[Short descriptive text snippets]
◇ ◇ ◇ ◇ ◇

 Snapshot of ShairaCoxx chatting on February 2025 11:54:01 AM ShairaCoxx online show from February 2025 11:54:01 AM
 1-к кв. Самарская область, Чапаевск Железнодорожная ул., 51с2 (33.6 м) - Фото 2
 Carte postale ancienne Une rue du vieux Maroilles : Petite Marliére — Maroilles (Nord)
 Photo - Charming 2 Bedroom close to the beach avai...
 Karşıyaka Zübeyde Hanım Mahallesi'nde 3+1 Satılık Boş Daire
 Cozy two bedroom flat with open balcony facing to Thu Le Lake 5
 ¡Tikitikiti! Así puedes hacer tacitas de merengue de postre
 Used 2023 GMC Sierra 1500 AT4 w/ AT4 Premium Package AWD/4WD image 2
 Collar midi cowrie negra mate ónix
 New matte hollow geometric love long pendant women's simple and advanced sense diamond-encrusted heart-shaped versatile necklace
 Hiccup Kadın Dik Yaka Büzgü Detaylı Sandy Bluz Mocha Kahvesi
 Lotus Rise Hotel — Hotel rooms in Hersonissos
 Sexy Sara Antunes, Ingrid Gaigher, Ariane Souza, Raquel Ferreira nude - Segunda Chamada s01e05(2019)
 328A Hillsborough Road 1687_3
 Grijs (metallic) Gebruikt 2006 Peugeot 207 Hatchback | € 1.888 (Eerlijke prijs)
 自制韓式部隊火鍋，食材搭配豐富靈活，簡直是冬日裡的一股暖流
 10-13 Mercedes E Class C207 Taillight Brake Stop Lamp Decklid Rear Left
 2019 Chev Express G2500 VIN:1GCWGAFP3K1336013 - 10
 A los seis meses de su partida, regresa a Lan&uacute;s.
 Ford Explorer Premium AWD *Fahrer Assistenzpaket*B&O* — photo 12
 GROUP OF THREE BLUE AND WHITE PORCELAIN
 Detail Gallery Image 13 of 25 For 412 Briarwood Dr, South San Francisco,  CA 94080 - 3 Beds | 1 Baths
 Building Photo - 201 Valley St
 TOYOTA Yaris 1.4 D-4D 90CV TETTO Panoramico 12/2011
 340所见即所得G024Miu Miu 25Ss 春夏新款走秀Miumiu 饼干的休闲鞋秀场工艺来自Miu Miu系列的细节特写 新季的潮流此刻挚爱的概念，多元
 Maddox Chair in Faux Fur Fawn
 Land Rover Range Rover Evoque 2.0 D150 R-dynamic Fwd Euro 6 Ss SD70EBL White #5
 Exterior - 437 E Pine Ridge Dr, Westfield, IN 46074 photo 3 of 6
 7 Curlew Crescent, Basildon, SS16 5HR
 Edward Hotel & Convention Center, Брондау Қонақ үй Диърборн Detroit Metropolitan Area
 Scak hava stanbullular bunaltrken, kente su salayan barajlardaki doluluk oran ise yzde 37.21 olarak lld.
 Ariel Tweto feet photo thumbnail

◇ ◇ ◇ ◇ ◇

#### [EXERCISE INSTRUCTIONS]
Your output should consist solely of the lines from the beginning of the entries through the line containing "Building Photo - 201 Valley St", reproduced exactly.

#### [RESPONSE TO THE TASK]
 Snapshot of ShairaCoxx chatting on February 2025 11:54:01 AM ShairaCoxx online show from February 2025 11:54:01 AM
 1-к кв. Самарская область, Чапаевск Железнодорожная ул., 51с2 (33.6 м) - Фото 2
 Carte postale ancienne Une rue du vieux Maroilles : Petite Marliére — Maroilles (Nord)
 Photo - Charming 2 Bedroom close to the beach avai...
 Karşıyaka Zübeyde Hanım Mahallesi'nde 3+1 Satılık Boş Daire
 Cozy two bedroom flat with open balcony facing to Thu Le Lake 5
 ¡Tikitikiti! Así puedes hacer tacitas de merengue de postre
 Used 2023 GMC Sierra 1500 AT4 w/ AT4 Premium Package AWD/4WD image 2
 Collar midi cowrie negra mate ónix
 New matte hollow geometric love long pendant women's simple and advanced sense diamond-encrusted heart-shaped versatile necklace
 Hiccup Kadın Dik Yaka Büzgü Detaylı Sandy Bluz Mocha Kahvesi
 Lotus Rise Hotel — Hotel rooms in Hersonissos
 Sexy Sara Antunes, Ingrid Gaigher, Ariane Souza, Raquel Ferreira nude - Segunda Chamada s01e05(2019)
 328A Hillsborough Road 1687_3
 Grijs (metallic) Gebruikt 2006 Peugeot 207 Hatchback | € 1.888 (Eerlijke prijs)
 自制韓式部隊火鍋，食材搭配豐富靈活，簡直是冬日裡的一股暖流
 10-13 Mercedes E Class C207 Taillight Brake Stop Lamp Decklid Rear Left
 2019 Chev Express G2500 VIN:1GCWGAFP3K1336013 - 10
 A los seis meses de su partida, regresa a Lan&uacute;s.
 Ford Explorer Premium AWD *Fahrer Assistenzpaket*B&O* — photo 12
 GROUP OF THREE BLUE AND WHITE PORCELAIN
 Detail Gallery Image 13 of 25 For 412 Briarwood Dr, South San Francisco,  CA 94080 - 3 Beds | 1 Baths
 Building Photo - 201 Valley St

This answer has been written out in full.